Segment Start: Task inputs

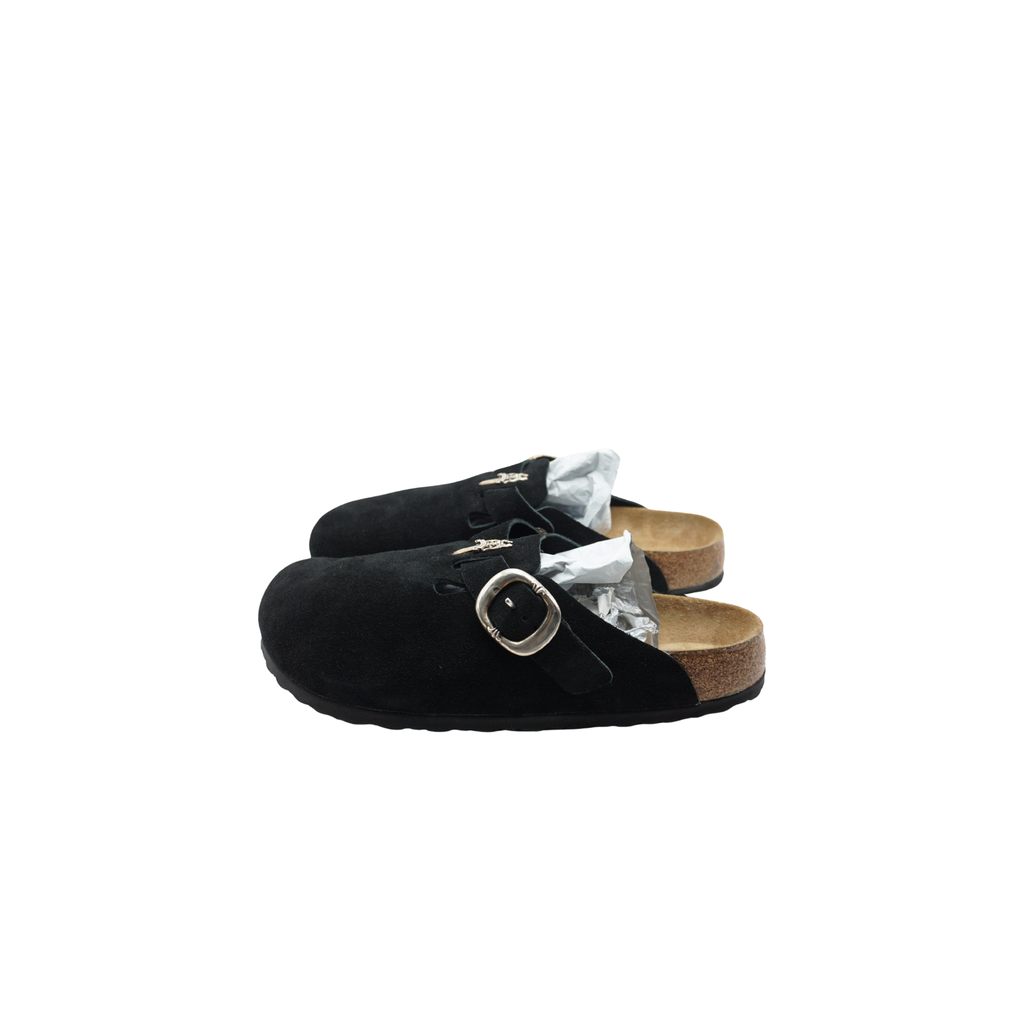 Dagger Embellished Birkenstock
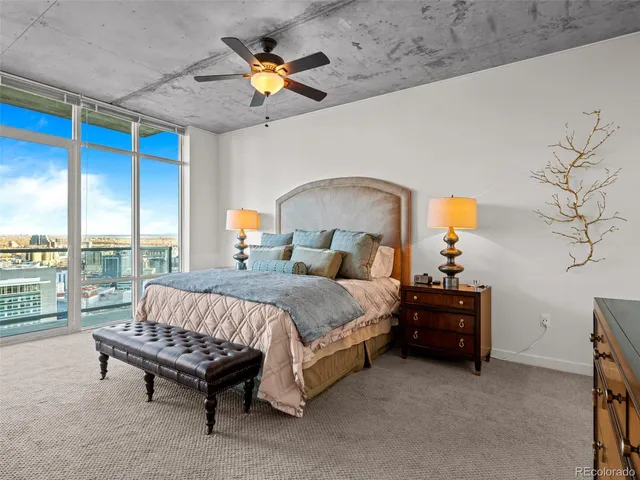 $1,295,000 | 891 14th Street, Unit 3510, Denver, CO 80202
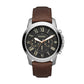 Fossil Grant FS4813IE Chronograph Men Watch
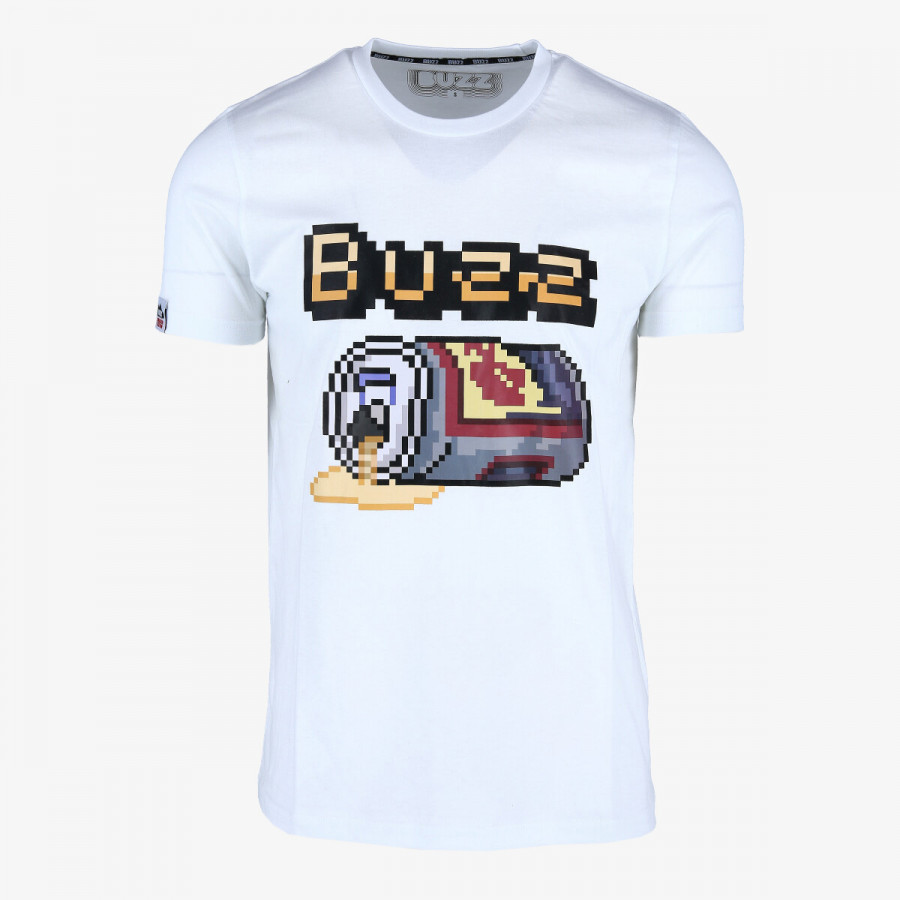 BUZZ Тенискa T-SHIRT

Segment End: Task inputs
Segment Start: Task inputs

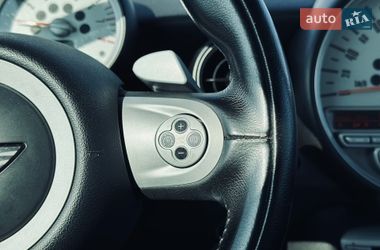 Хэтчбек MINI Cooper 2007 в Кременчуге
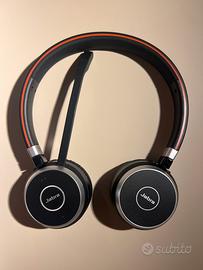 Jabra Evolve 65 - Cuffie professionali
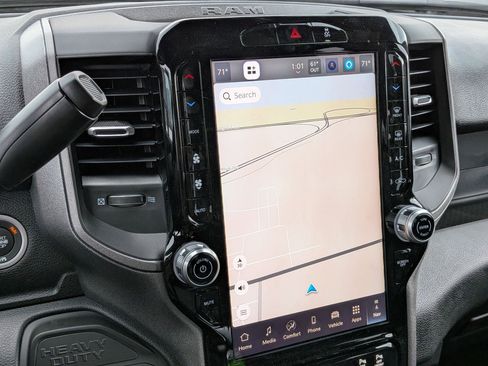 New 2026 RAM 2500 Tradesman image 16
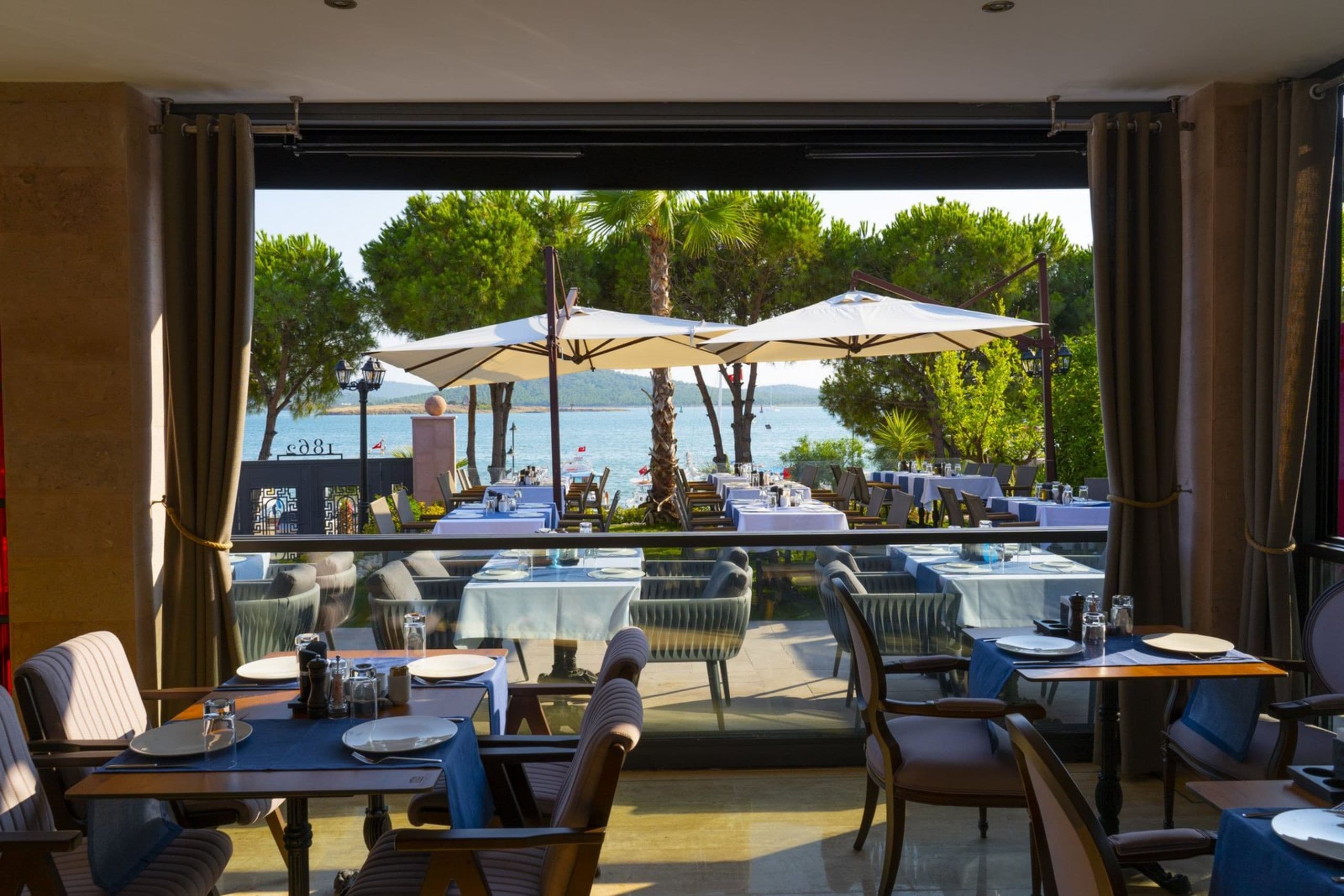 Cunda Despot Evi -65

Segment End: Task inputs

| Exercise objective |
Going by the data above, the answer is exactly the lines from the one holding "Fossil Grant FS4813IE Chronograph Men Watch" to the one holding "BUZZ Тенискa T-SHIRT", both kept, with the pictures left out.

| Task response |
 Fossil Grant FS4813IE Chronograph Men Watch
 BUZZ Тенискa T-SHIRT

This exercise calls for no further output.